You’ve armed yourself with education—now, the best you can do is make educated guesses about the types and styles of content that your audience most wants. Your goal here should be to end up with at least 10 distinct content ideas. They don’t need to all be blog posts—but they can be if you so decide. Once you have this list, you’re ready to create the calendar itself:
Step Four: Implementation
Now that you have your ideas and know how often you need to create fresh content, it’s time to implement them and create a calendar for easy organization. Here are some tools for making that happen:
- Google Calendar or Google Docs. The beauty of using Google tools it that you’ll have no problem sharing your calendar with anyone else on the content team. It’s up to you whether you want to use an actual calendar or simply use a spreadsheet with dates input in one column—it’s really a stylistic choice more than anything else.
- HubSpot Editorial Calendar. HubSpot offers free templates for editorial calendars that you can download with a few clicks.
- Project management software like Trello or Slack. These are especially ideal if you already have a large team in place and need to get your editorial calendar to a point where everyone can collaborate on it.

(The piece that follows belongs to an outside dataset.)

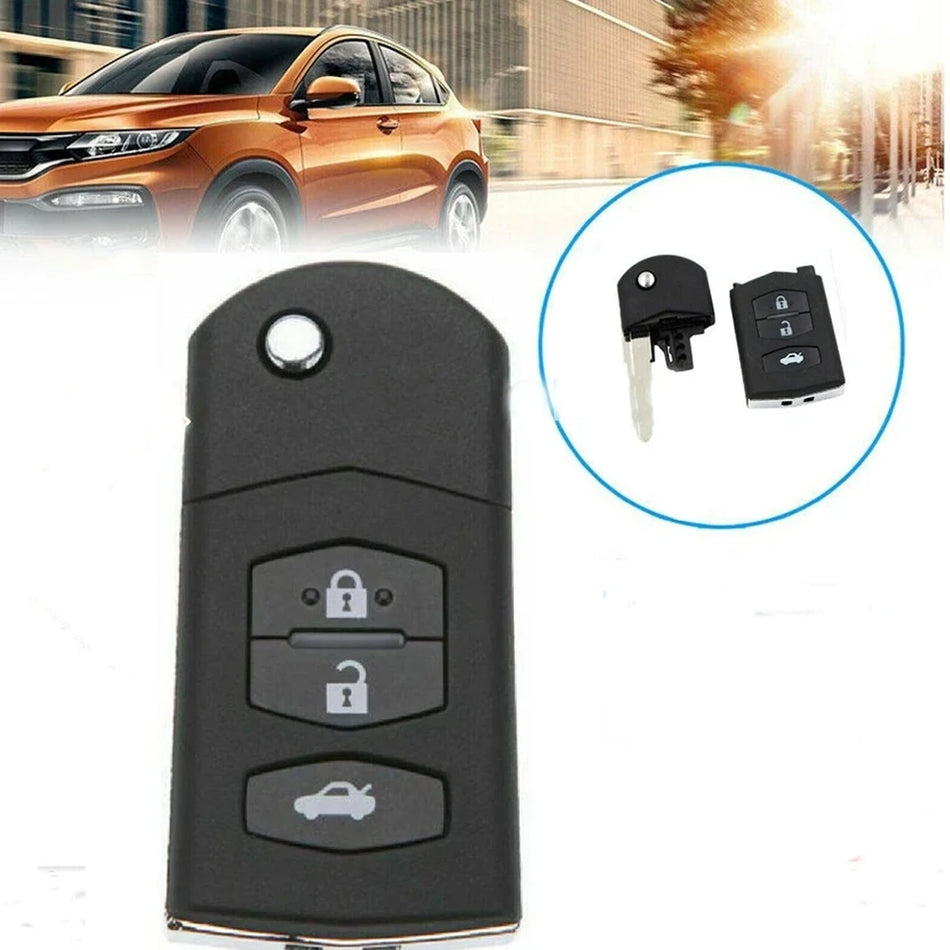 Key Case for Mazda 2 3 5 6 RX-8 MX-5 Flip with 3 Buttons Blade ABS Plastic Durable Build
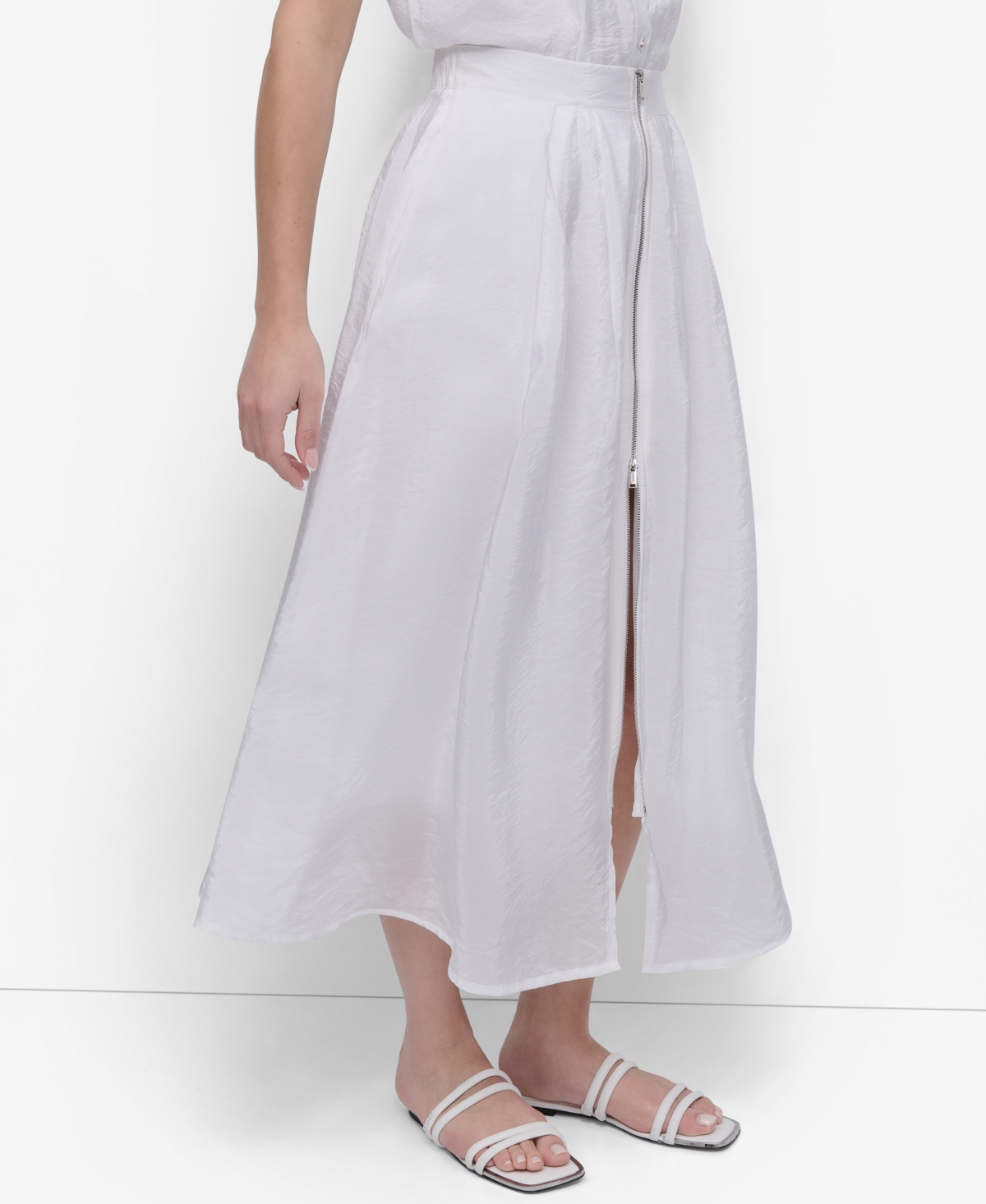 Shop Dkny Women's Zip-front Tech Midi Skirt In White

Step Five: Action and Review
Once your editorial calendar is in place, all you have to do is execute. Okay—that’s not all you have to do. Remember how that Army axiom said that “plans are worthless”? So is yours. But that’s okay, because you remember that planning is essential—and as you go on, you can use analytics to review the success of your editorial calendar and continue honing your content to cater to your audience’s tastes.
You can use tools like KissMetrics to get a sense of how successful you’ve been. From there, schedule a regular EC review to update the calendar with fresh content and use the lessons you’ve learned from the content you’ve already published. As you go on, your calendar will only get stronger—as will your content marketing strategy.